**WORK ITEM**
Give back, exactly and with nothing else, the lines running from the one that contains "Used 2022 Tesla" to the end of the entries below; do not include pictures.

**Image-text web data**
-- -- --
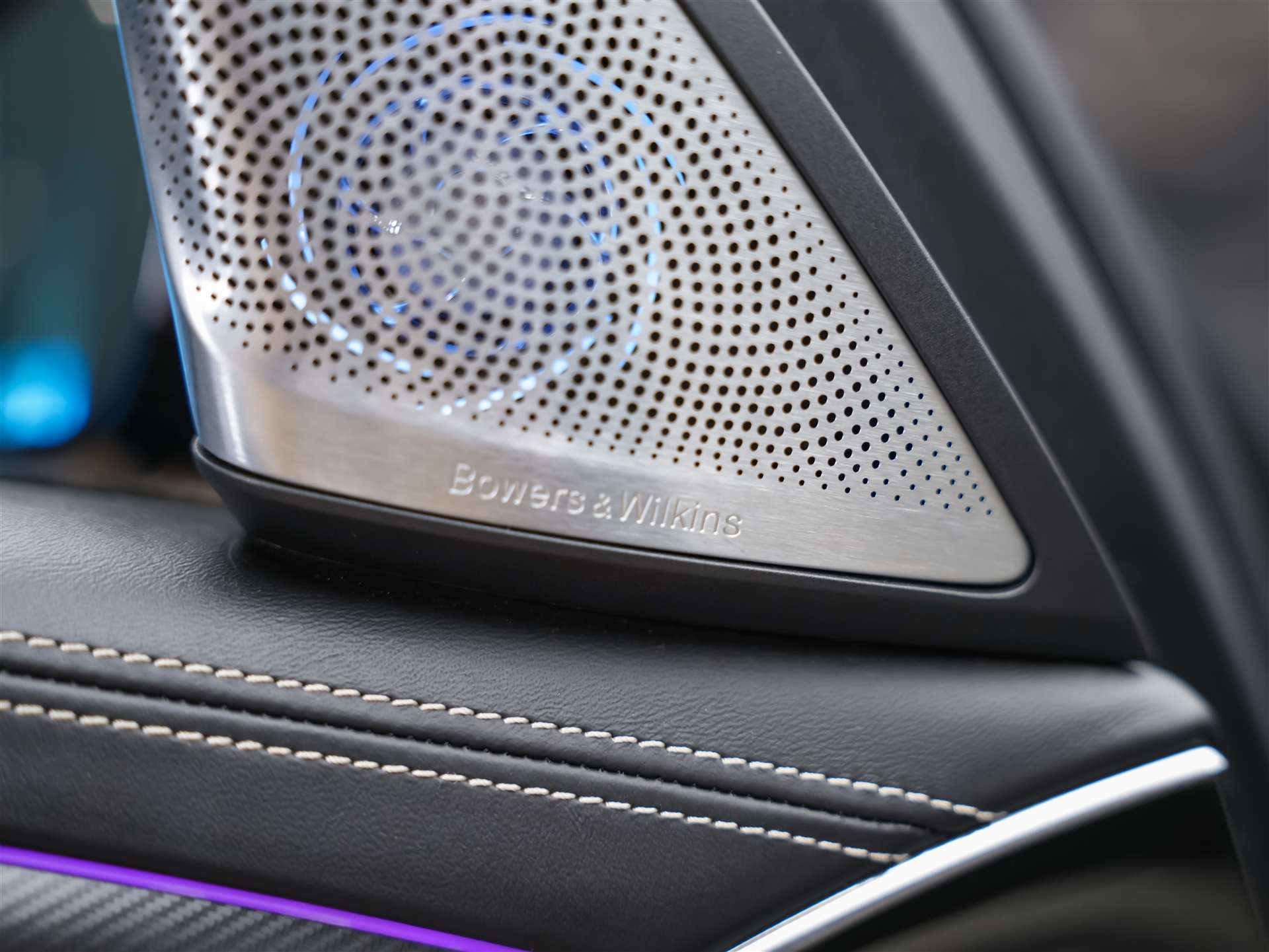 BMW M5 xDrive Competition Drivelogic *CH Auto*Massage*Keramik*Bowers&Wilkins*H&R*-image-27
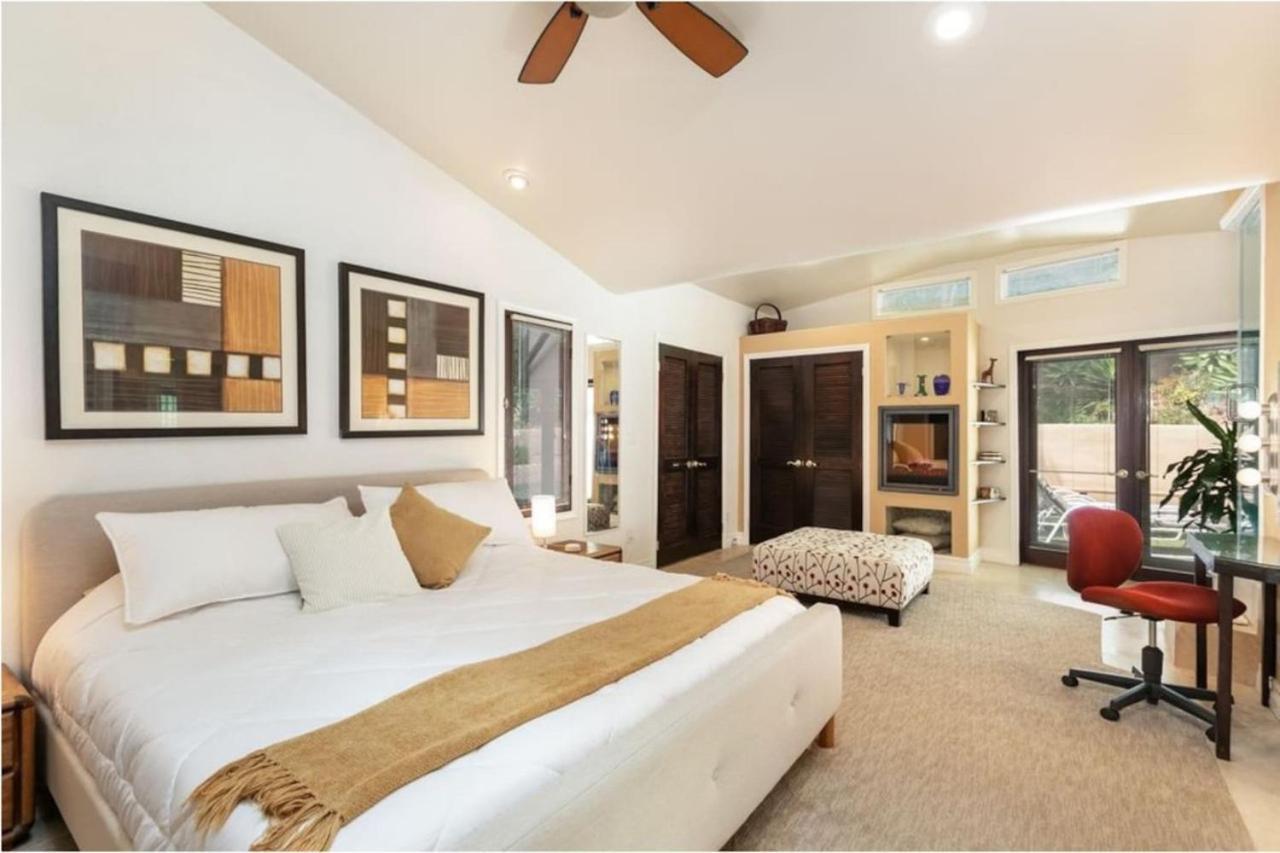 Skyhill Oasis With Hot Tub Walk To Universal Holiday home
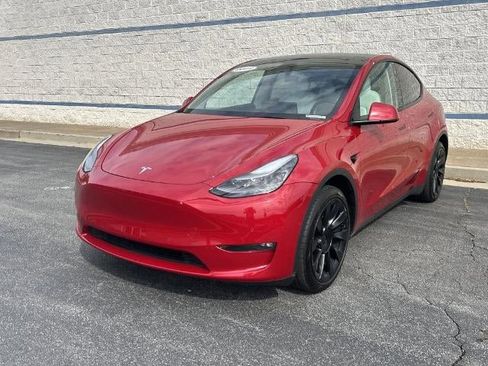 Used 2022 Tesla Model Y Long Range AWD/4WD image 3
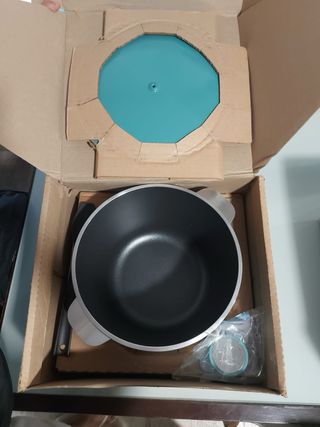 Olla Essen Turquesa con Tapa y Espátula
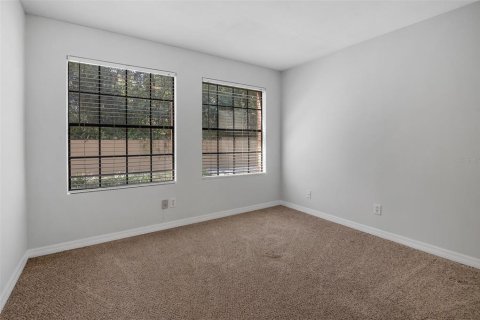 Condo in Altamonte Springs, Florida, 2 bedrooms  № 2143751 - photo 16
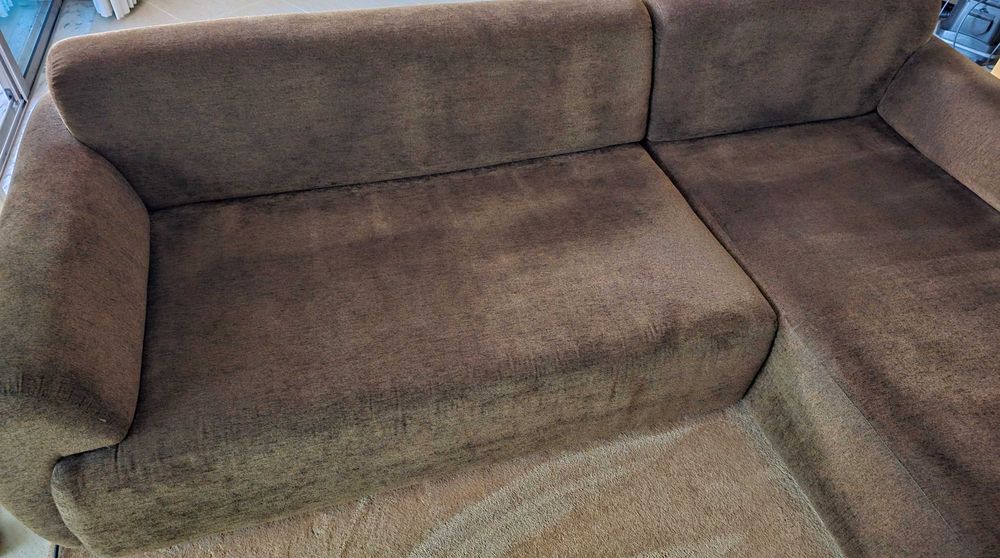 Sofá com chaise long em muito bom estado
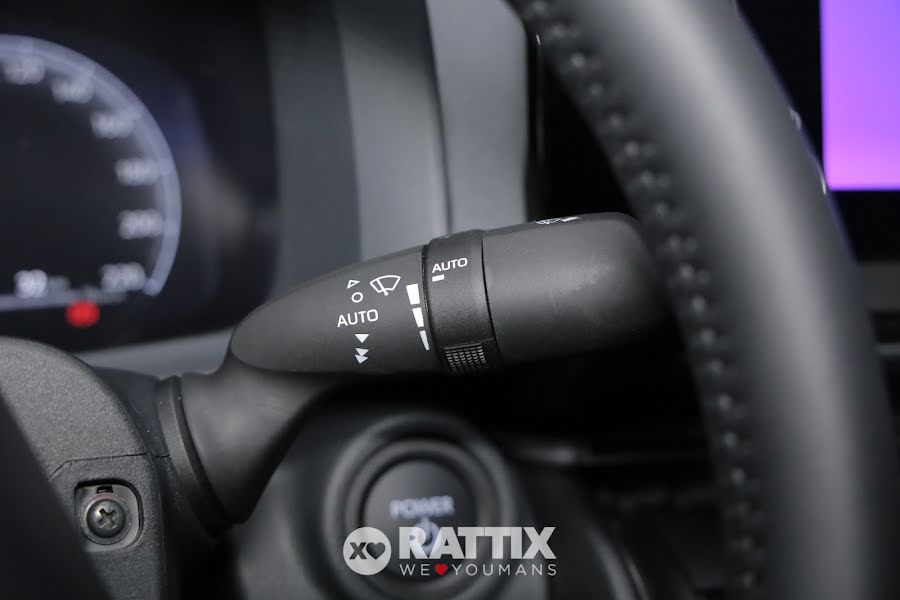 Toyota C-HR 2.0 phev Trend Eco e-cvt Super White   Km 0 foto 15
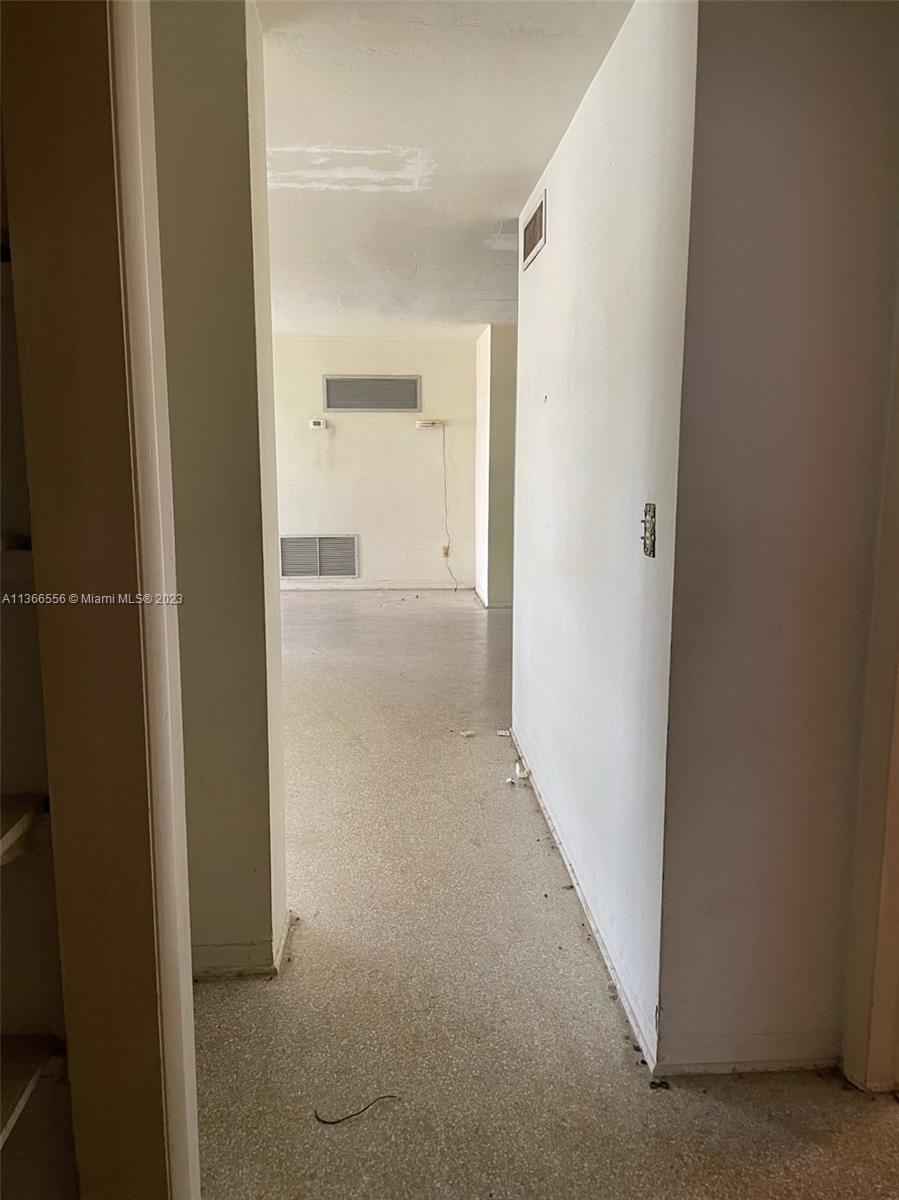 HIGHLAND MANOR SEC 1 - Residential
-- -- --
**WRITTEN ANSWER**
 Used 2022 Tesla Model Y Long Range AWD/4WD image 3
 Olla Essen Turquesa con Tapa y Espátula
 Condo in Altamonte Springs, Florida, 2 bedrooms  № 2143751 - photo 16
 Sofá com chaise long em muito bom estado
 Toyota C-HR 2.0 phev Trend Eco e-cvt Super White   Km 0 foto 15
 HIGHLAND MANOR SEC 1 - Residential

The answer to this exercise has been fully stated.